* [Problem statement]:
An image-free reproduction of the data below is needed: print it exactly.

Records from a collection
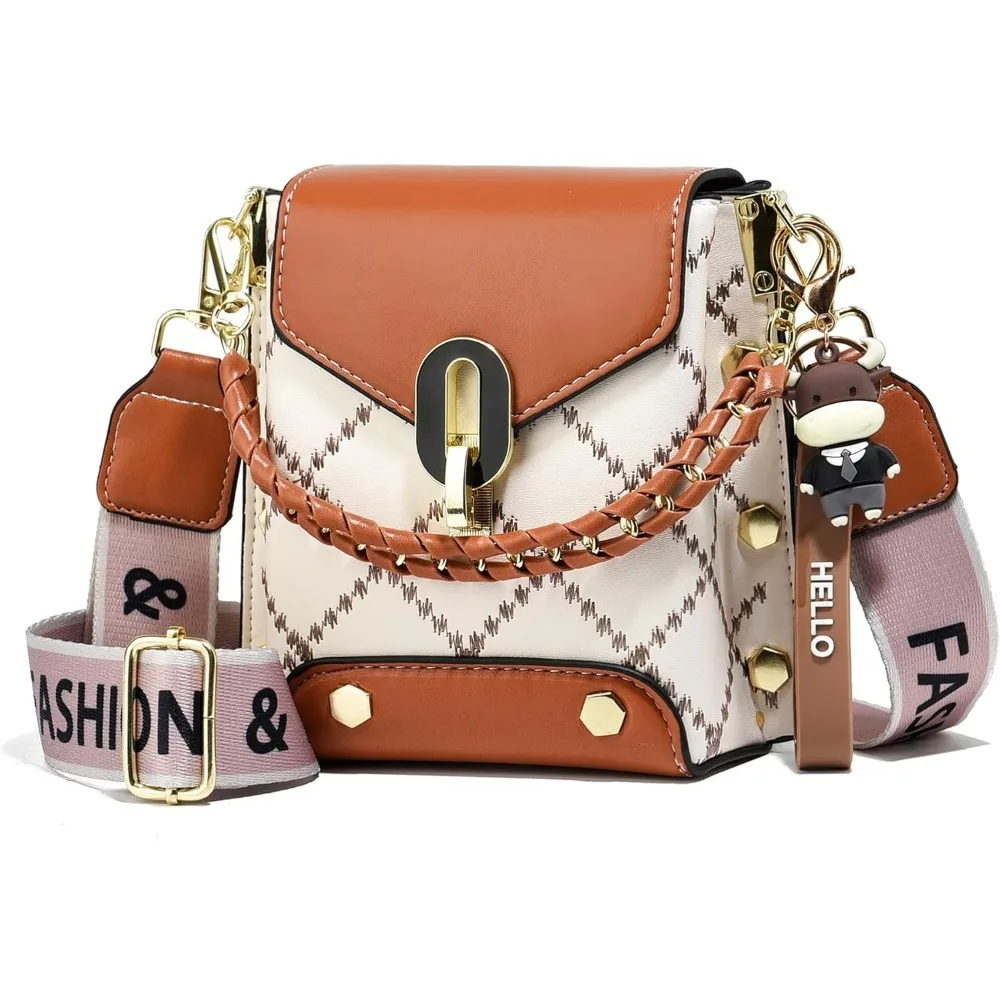 Crossbody Bags for Women Fashion Cell Phone Purse Shoulder Handbags with Wide Strap
Crossbody Bags for Women Fashion Cell Phone Purse Shoulder Handbags with Wide Strap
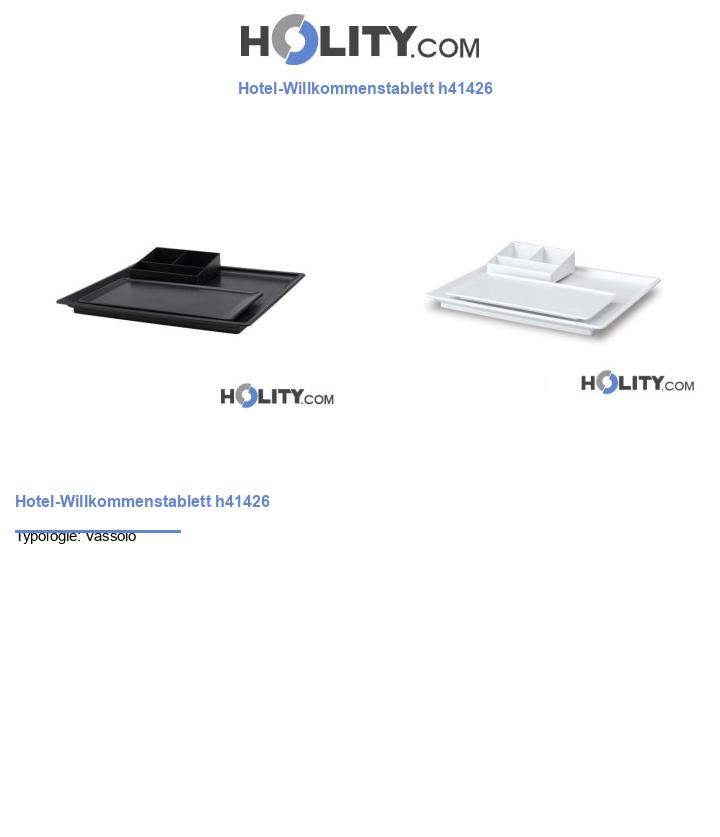 Hotel-Willkommenstablett h41426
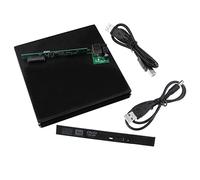 Pyanegn BoîTier DVD Externe 12.7Mm USB 2.0 BoîTier DVD/CD-ROM Externe pour Ordinateur Portable Ordinateur de Bureau Lecteur de Disque Optique SATA vers SATA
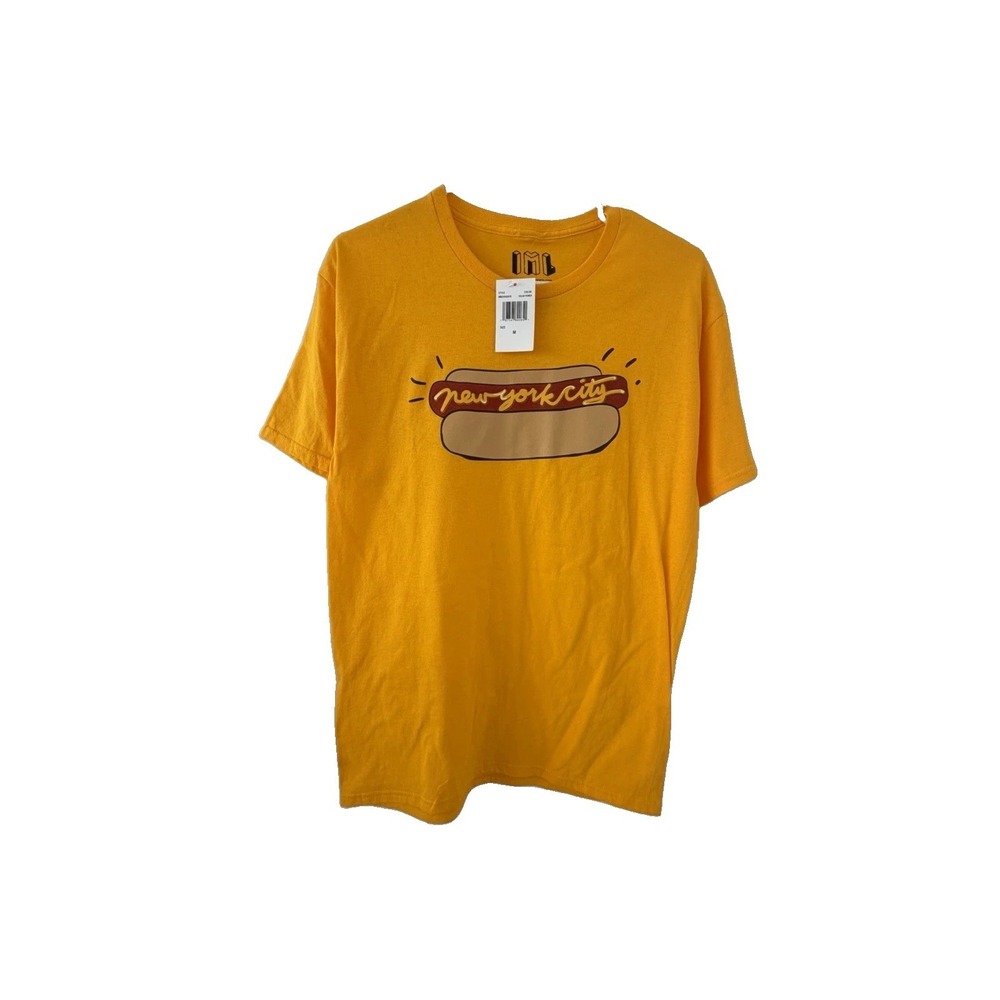 New With Tags Isaac Morris New York City Hot Dog Yellow T-Shirt Size L Unisex
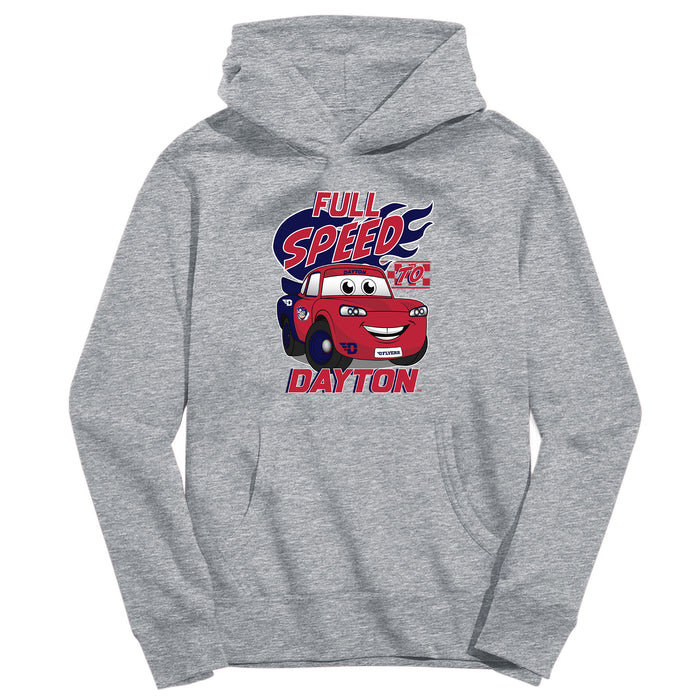 University of Dayton Flyers Full Speed Heather Grey Cotton Youth Hoodie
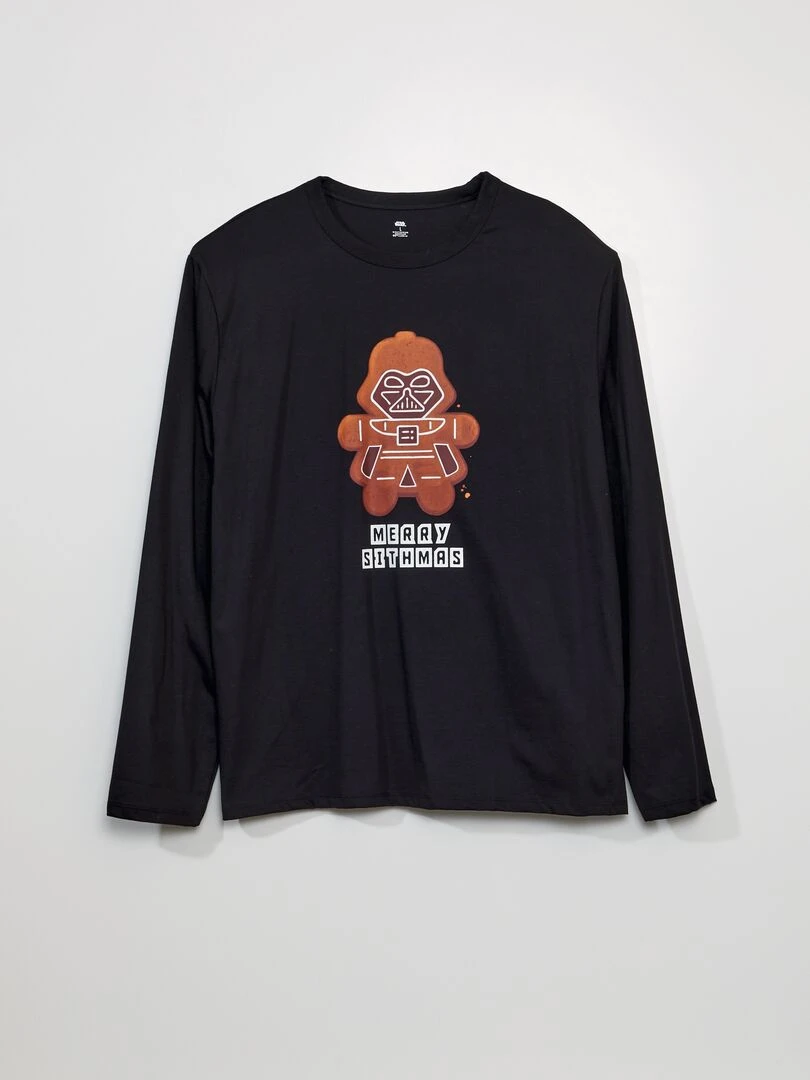 Pyjama long 'Star Wars'   2 pièces   Noir/gris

* [Exercise response]:
 Crossbody Bags for Women Fashion Cell Phone Purse Shoulder Handbags with Wide Strap
Crossbody Bags for Women Fashion Cell Phone Purse Shoulder Handbags with Wide Strap
 Hotel-Willkommenstablett h41426
 Pyanegn BoîTier DVD Externe 12.7Mm USB 2.0 BoîTier DVD/CD-ROM Externe pour Ordinateur Portable Ordinateur de Bureau Lecteur de Disque Optique SATA vers SATA
 New With Tags Isaac Morris New York City Hot Dog Yellow T-Shirt Size L Unisex
 University of Dayton Flyers Full Speed Heather Grey Cotton Youth Hoodie
 Pyjama long 'Star Wars'   2 pièces   Noir/gris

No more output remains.